Zum einen werden nicht nur von Vermieterseite durchaus nachvollziehbare Argumente ins Feld geführt, weshalb die Mietpreisbremse gar nicht dazu geeignet ist, die Wohnungsnot zu bekämpfen, was gerade ihr Zweck sein soll. Zugleich soll das Gesetz Gentrifizierung verhindern (Als Gentrifizierung bezeichnet man den sozioökonomischen Strukturwandel bestimmter großstädtischer Viertel im Sinne einer Abwanderung ärmerer und eines Zuzugs wohlhabenderer Bevölkerungsgruppen). Allerdings könnte sich der Markt durch das Gesetz noch weiter verengen und die Gentrifizierung befördert werden. Es ist davon auszugehen, dass durch gedrosselte Mieten die ohnehin beliebten Stadtteillagen für alle Einkommensschichten noch attraktiver werden. Die Nachfrage nach Wohnraum wird also deutlich zunehmen. Die Möglichkeit, den Zuschlag für die Wohnung zu erhalten, wird dagegen sinken, und zwar insbesondere für Einkommensschwache. Denn die Vermögensverhältnisse der Kandidaten werden weiterhin das entscheidende Auswahlkriterium bleiben. Zugleich wird durch die geringeren Mieten auch mehr Wohnfläche erschwinglich. Größere Wohnungen werden also von weniger Personen bewohnt werden, was ebenfalls den Druck auf die Märkte erhöhen wird. Zusätzlich wird durch die Mietpreisbremse die Vermietung von Wohnraum zunehmend unattraktiv. Da die Nachfrage nach selbst genutztem Wohneigentum weiter steigen wird, werden vermehrt Mietwohnungen in Wohneigentum umgewandelt und somit ebenfalls dem Mietmarkt entzogen werden. Denn auch, wenn an manchen oder vielen Orten die Mieten sich in letzter Zeit drastisch erhöht haben, ist schon heute die private Vermietung oft ein Nullsummenspiel. Bei 8,5% der privaten Vermieter führt die Vermietung sogar zu Verlusten. Zu diesem Ergebnis kommt eine am 17.09.2014 veröffentlichte Studie des Deutschen Instituts für Wirtschaftsforschung in Berlin.

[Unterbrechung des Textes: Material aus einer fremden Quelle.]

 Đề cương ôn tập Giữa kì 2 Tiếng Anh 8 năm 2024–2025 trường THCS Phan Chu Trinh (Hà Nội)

Eine Lösung hierfür kann in unserer Marktwirtschaft nur die Schaffung neuen Wohnraums sein. Genau das macht eine Mietpreisbremse jedoch unattraktiver. Eventuell müsste man den Wohnraum eher liberalisieren als stärker regeln. Andererseits darf der Schutz der sozial schwächer positionierten Mieter gegenüber den Vermietern nicht vernachlässigt werden. Es wird also weiterhin schwierig bleiben, eine Lösungsformel für die Probleme auf dem Wohnungsmarkt zu finden. Eine solche scheint immer noch in weiter Ferne. Zu den Schwierigkeiten tragen schließlich nicht nur kollidierende privatwirtschaftliche Interessen bei, sondern auch öffentlich-rechtliche Einschränkungen. Denn trotz Zuzug und Wohnungsmangel wollen nahezu alle Gemeinden ihr „Dorfbild“ erhalten und bestimmen z.B. Abstandsflächen und maximale Höhen von Wohngebäuden. Doch das ist wieder ein anderes Thema.